The fast-expanding Hainan Airlines Group (HNA Group) reported that it may cancel an order of 10 A380 aircraft with a total list price of $3.8 billion, which analysts said Sunday highlights airlines' cautious attitude on fleet expansion amid weak market conditions.
According to Reuters Friday, Chen Feng, chairman of HNA Group, which just acquired a 48 percent stake in French airline Aigle Azur in October, said the A380s were ordered when the market was good, but now the company needs to strategize to face the gloomy global economy.
The large size of the A380 makes buying 10 of them difficult in these times, Chen was quoted by Reuters as saying on the sidelines of the ongoing 18th National Congress of the Communist Party of China (CPC) in Beijing, adding that the group will not make a big plane purchase next year.
"Orders that are already in the Airbus order book have not changed and, as usual, we do not comment on talks with customers," Robin Tao, an Airbus China spokesperson, told the Global Times via text Sunday.
While Chen did not name the airlines involved, industry insiders said the A380s on order were for Hong Kong Airlines under HNA Group, which operates more than 500 routes at home and abroad.
Hainan Airlines profits hit 1.2 billion yuan in the third quarter of this year, down 25.3 percent year-on-year.
In January this year, Airbus took an order from Hong Kong Airlines for the 10 A380 aircraft, and it plans to deliver the first in 2015. But in August, rumors swirled as the Financial Times reported a possible cancellation.
"It is unexpected but reasonable," Li Xiaojin, a professor at the Civil Aviation University of China, told the Global Times via phone Sunday.
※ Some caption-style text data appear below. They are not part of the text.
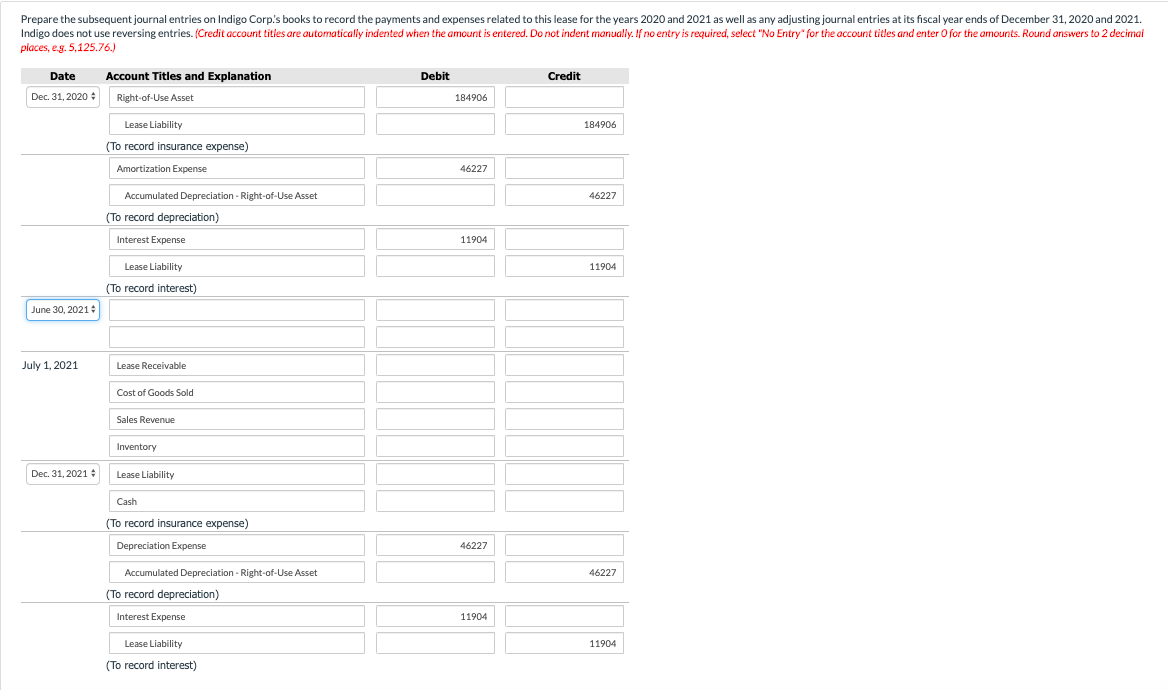 Attempt in Progress Indigo Corp., which uses IFRS, signs a 4-year, non-cancellable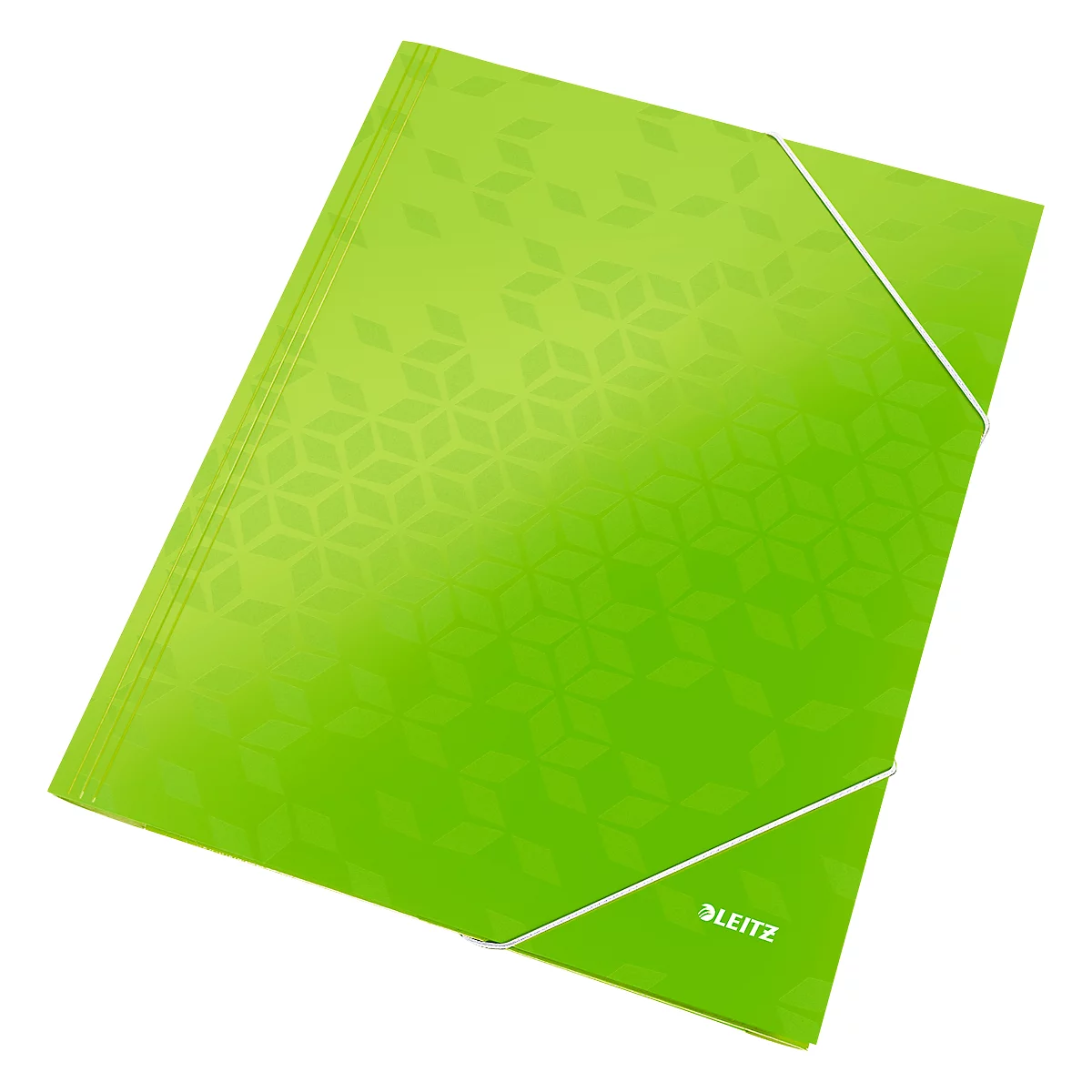 A bright green folder with white elastic band, pattern of squares with Leitz logo.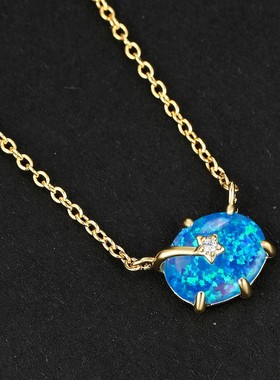 新款欧美时尚蓝色澳宝白金椭圆六爪蓝澳宝星星项链简约个性百搭饰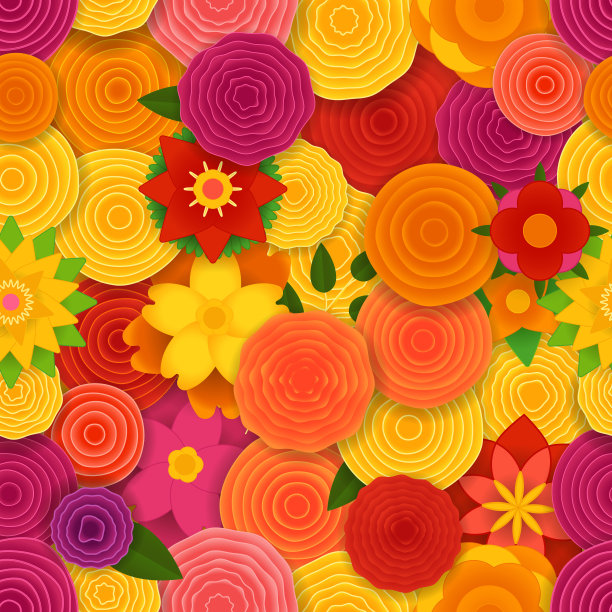 春花无缝图案。向量的背景图片下载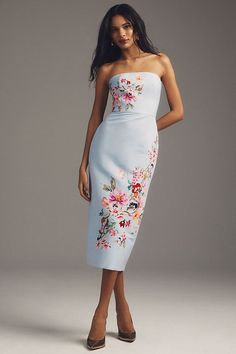 Sachin & Babi Stretch Taffeta Column Midi Dress Wedding Guest Dress Chic, Tea Length Wedding Guest Dress, Beach Wedding Guest Dress Summer Classy, Cocktail Dresses For Women Over 50, Wedding Cocktail Attire For Women, Classy Wedding Guest Dress, Blue Floral Cocktail Dress, Floral Formal Dress, Midi Wedding Guest Dress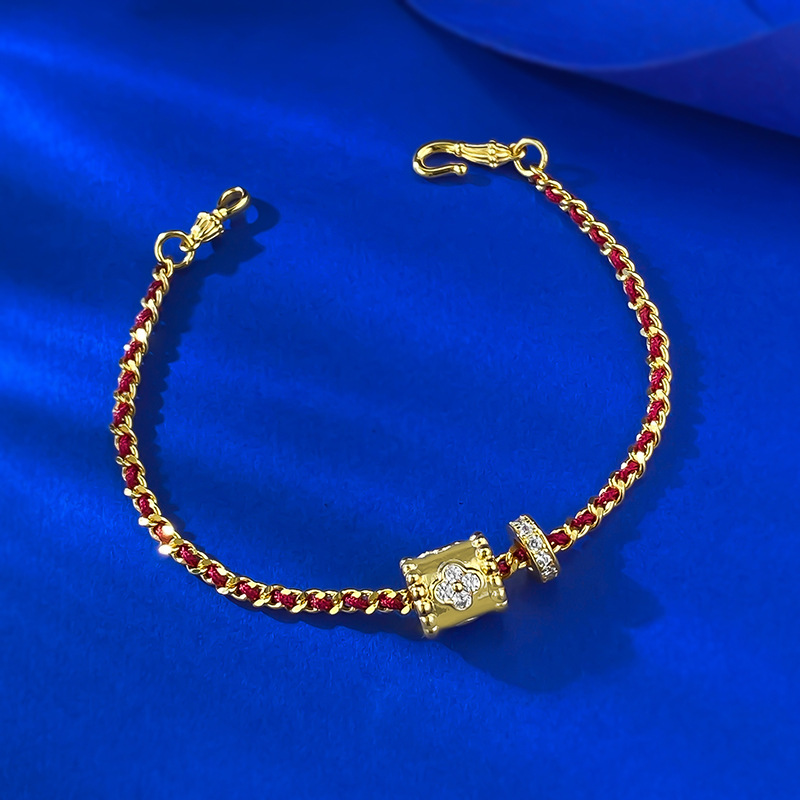 S925 Silver Fashion Bracelet for Women, Gold Plated with Diamond-like Charm, Elegant Woven Design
According to Li, the nation's growth of transport volume has declined dramatically in recent decades: annual growth was more than 20 percent during the 1980s and 1990s, but the figure declined to more than 10 percent during the 2000s and now stands at less than 10 percent.
The data from the Civil Aviation Administration of China placed the growth of passenger transport volume in September at 9.5 percent year-on-year.
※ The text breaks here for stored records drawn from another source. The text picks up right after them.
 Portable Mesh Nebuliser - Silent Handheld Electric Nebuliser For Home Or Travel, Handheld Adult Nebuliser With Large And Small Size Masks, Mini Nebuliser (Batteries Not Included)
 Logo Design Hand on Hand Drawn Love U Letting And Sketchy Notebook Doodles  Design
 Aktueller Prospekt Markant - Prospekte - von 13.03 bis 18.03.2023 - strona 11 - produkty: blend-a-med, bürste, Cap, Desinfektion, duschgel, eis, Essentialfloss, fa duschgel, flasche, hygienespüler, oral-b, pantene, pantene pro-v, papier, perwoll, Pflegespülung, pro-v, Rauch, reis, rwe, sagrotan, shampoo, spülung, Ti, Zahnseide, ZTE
"The declined growth of transport volume thins profit for the airlines, adding to the pressures against their fleet expansion," Li said.
A380s are suited to long-haul flights, especially internationally, but Chinese airlines have a hard time competing with foreign carriers for customers, said Lin Zhijie, an independent industry expert.
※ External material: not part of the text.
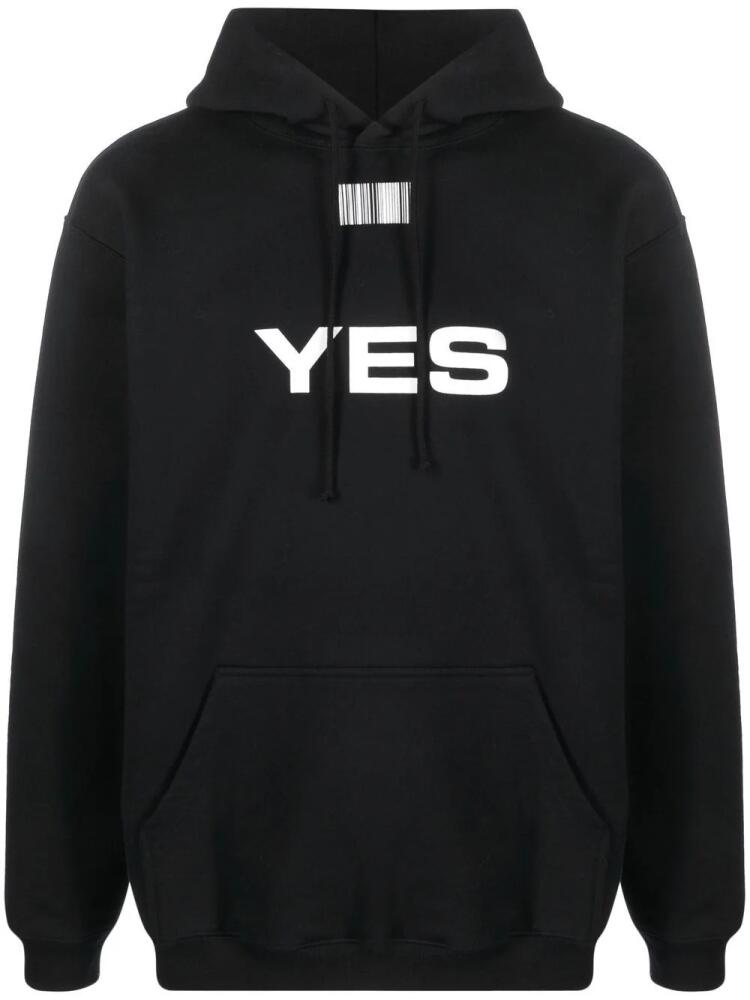 VETEMENTS slogan-print drawstring hoodie - Black Cover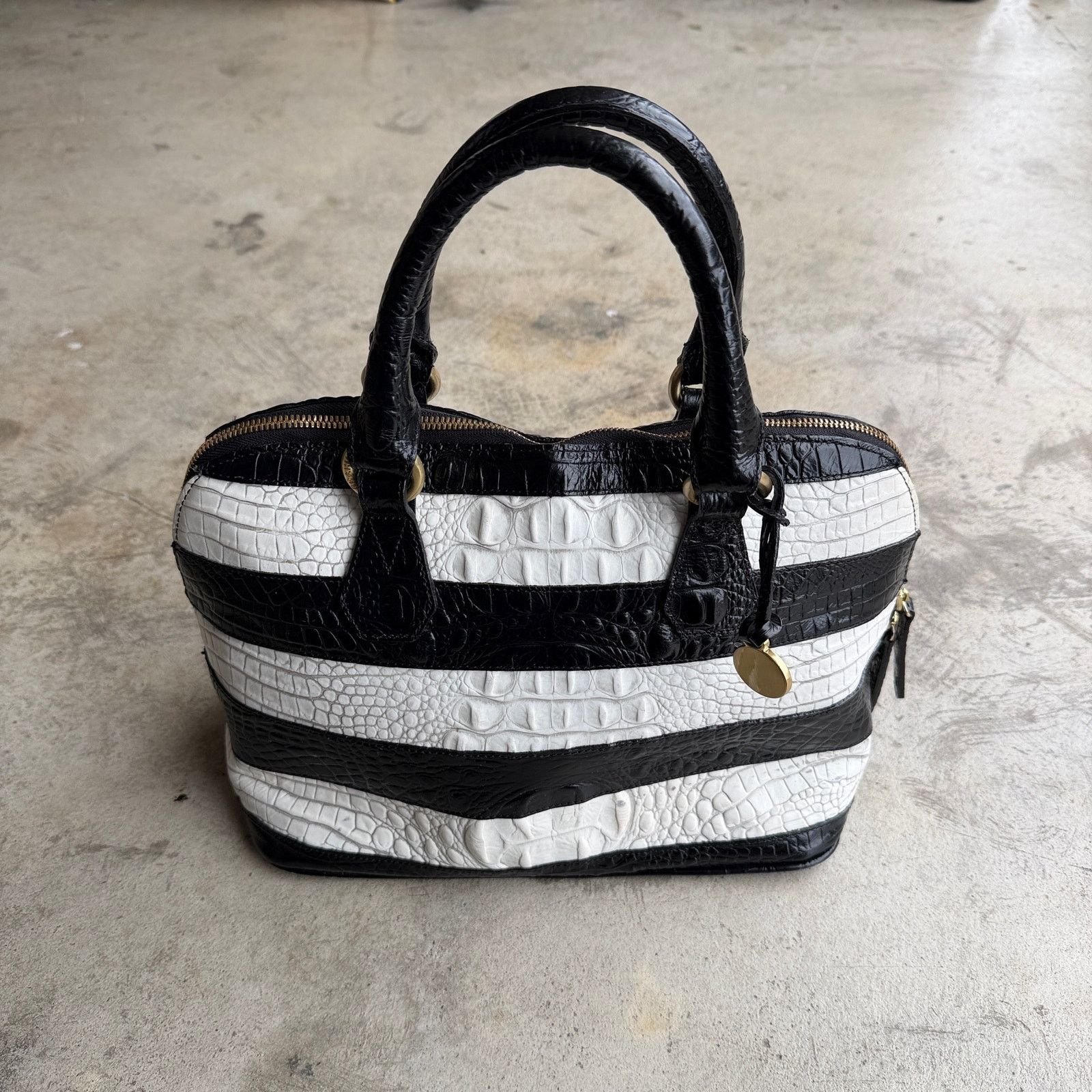BRAHMIN Rare Brahmin stripes Croc Embossed Leather Satchel Bag purse Size ONE SIZE - 1 Thumbnail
HNA rival China Southern Airlines currently has four A380s flying routes of two or three hours, but their profit in the first half of this year was near 100 million yuan ($16 million), and insiders said the A380 could be a reason.
From October this year, China Southern shifted the A380 route to a Guangzhou-Los Angeles run. Industry insiders predicted that the intercontinental flights will improve the company's performance.